*** Opening of DATA FOR THE TASK ***
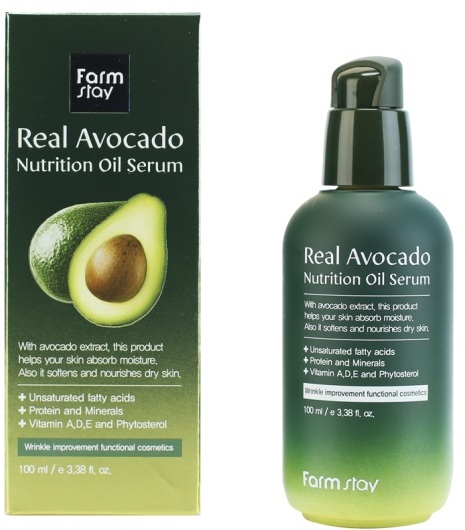      Real Avocado Nutrition Oil Serum FarmStay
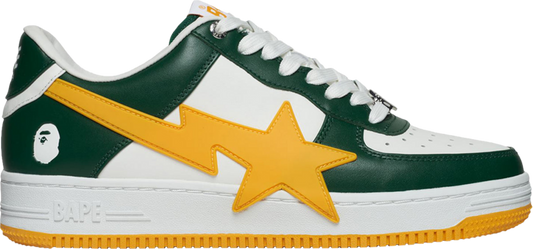 A Bathing Ape Bape Sta Low Yellow Green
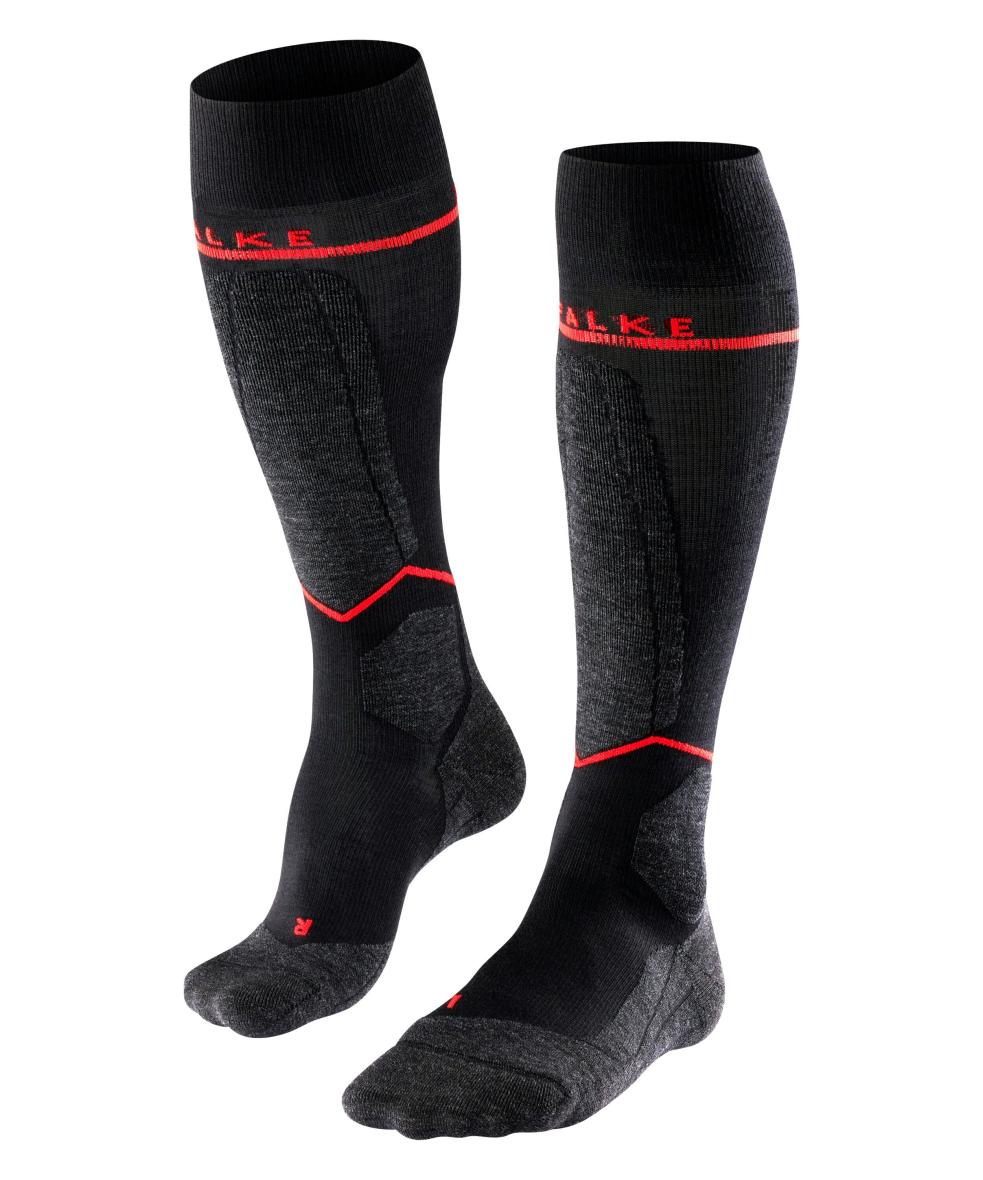 SK4 Advanced Compression Light Herren Skisocken Schwarz_3010 | 39-41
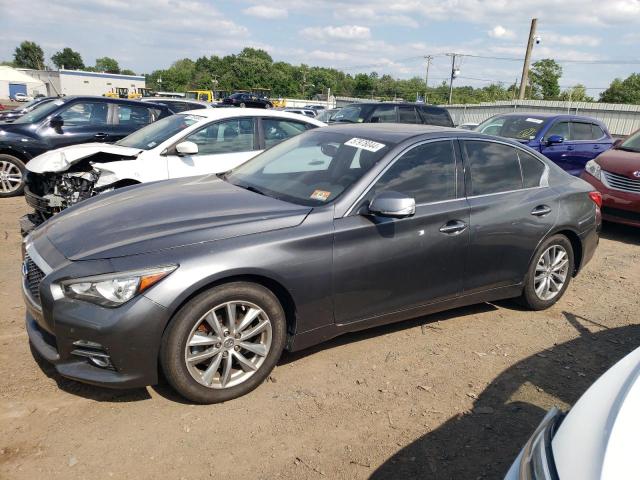 Седани INFINITI Q50 2015 Сірий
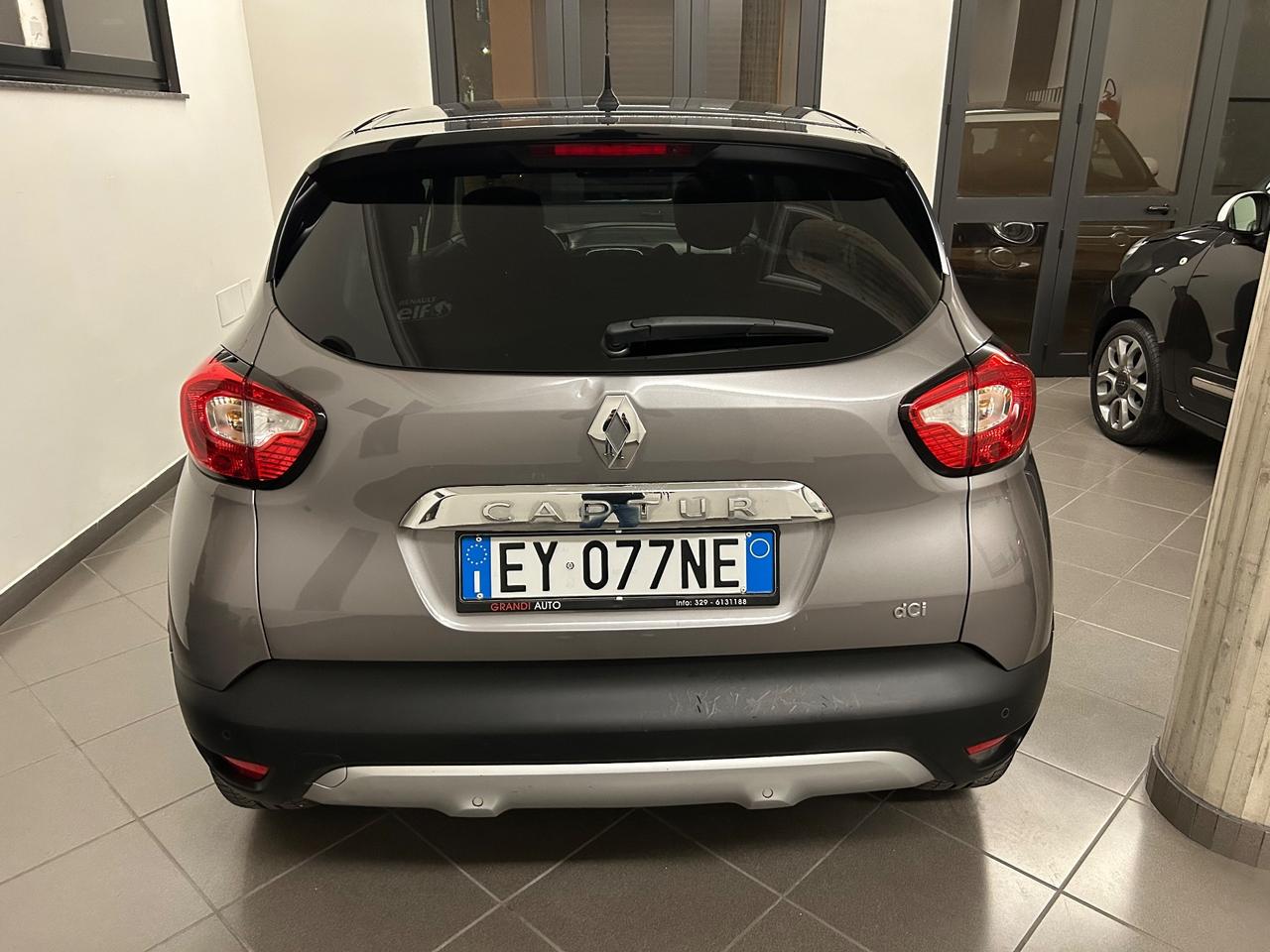 Renault Captur dCi 8V 90 CV EDC Start&Stop Energy Intens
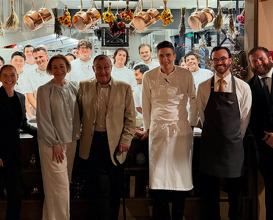 Dinner at Enclos Sonoma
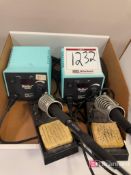 (2) Weller Soldering Irons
*** Close of DATA FOR THE TASK ***
*ASSIGNED TASK*
From the first line to the last, copy the records exactly and skip the pictures.

*OUTPUT OF THE EXERCISE*
      Real Avocado Nutrition Oil Serum FarmStay
 A Bathing Ape Bape Sta Low Yellow Green
 SK4 Advanced Compression Light Herren Skisocken Schwarz_3010 | 39-41
 Седани INFINITI Q50 2015 Сірий
 Renault Captur dCi 8V 90 CV EDC Start&Stop Energy Intens
 Dinner at Enclos Sonoma
 (2) Weller Soldering Irons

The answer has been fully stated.